Criticism was directed at Inter when former Juventus chief executive Giuseppe Marotta turned to a Bianconeri great and rival to restore the club's fortunes in Milan.
After instant improvement in 2019-20 – a runners-up finish in Serie A to go with a run to the Europa League final and Coppa Italia semis – Conte delivered, breaking Juve's stranglehold on Italian football this season.
Inter's triumph ended a run of nine successive Scudetti for Juve, three of which were won by Conte when he was in charge of the Turin giants from 2011 to 2014.
"Those who played with Inter or have been a coach at Inter realise it's a complicated situation," Conte told Sky Sport Italia amid the celebrations. "You have to understand the various dynamics, at times play along, but never lose your identity and I never lost my identity.

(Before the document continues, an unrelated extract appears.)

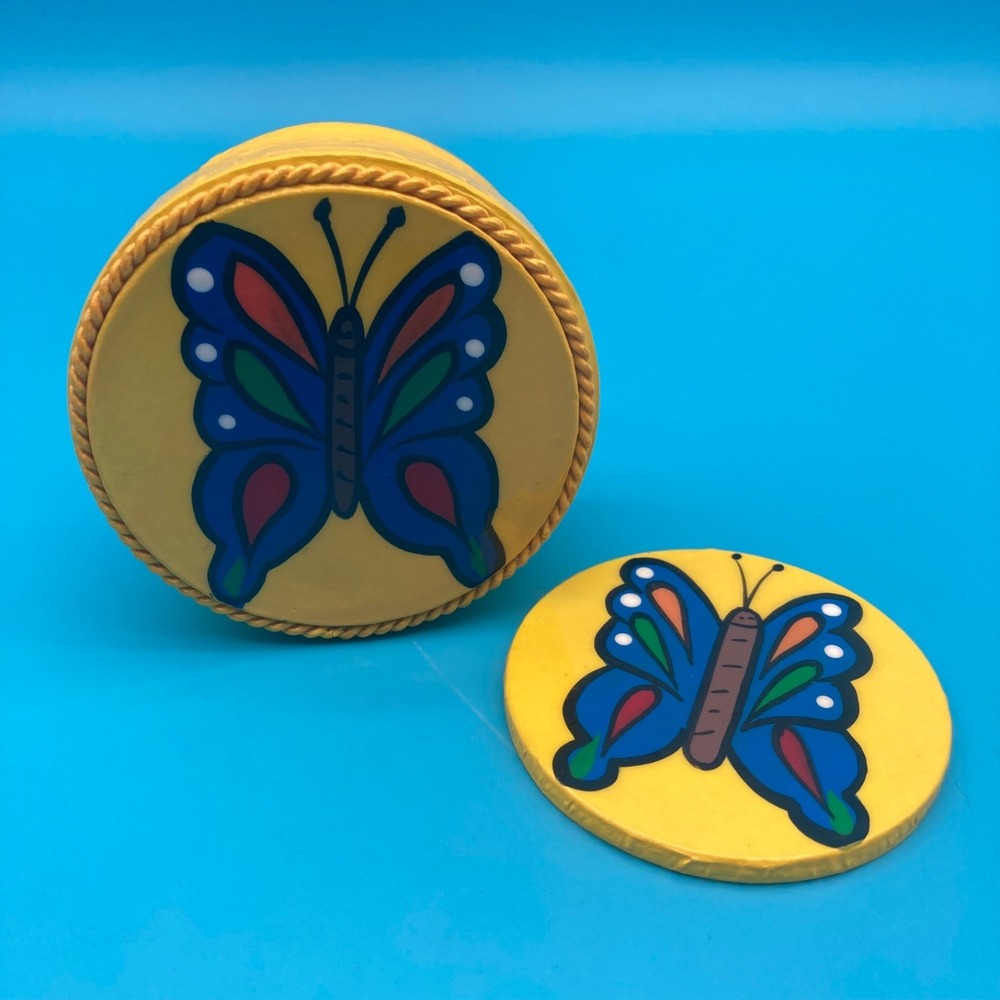 Vintage Hand Painted Butterfly Coaster Set with Holder - Retro 70s Yellow Kitsch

"I think that was appreciated by those who at first had turned their noses up at me because of my past. I was brought to Inter in order to bring it back to victory within three years and I did that."
While there are four rounds remaining, Inter will be starting to plan for 2021-22 and as a sea of blue and black shirts flood the Milan streets, what is next for Conte and his team?

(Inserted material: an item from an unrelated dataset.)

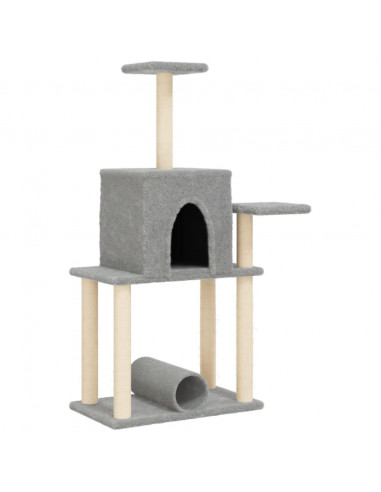 Albero per Gatti con Tiragraffi in Sisal Grigio Chiaro 122 cm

Convince Conte about Inter's future
Conte earned his fourth Serie A title this season – only five other coaches in league history have managed at least four.

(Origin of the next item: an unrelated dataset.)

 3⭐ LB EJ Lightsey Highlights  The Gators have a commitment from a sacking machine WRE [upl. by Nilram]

The former Italy boss is only the second coach in Serie A history to win a Scudetto with both Inter and Juve, joining Giovanni Trapattoni, though his greatest achievement might just be the transformation of Christian Eriksen from flop headed for an exit to the face of Inter's XI.
Conte ended Inter's 11-year drought and while many involved with the Nerazzurri hope it is the start of a winning cycle, his future at San Siro remains uncertain.
The 51-year-old has spoken out against the club's hierarchy previously, particularly at the end of last season amid serious concerns he would be resign or be sacked.
His position is once again in the spotlight as he reportedly plans to meet with Inter president Steven Zhang.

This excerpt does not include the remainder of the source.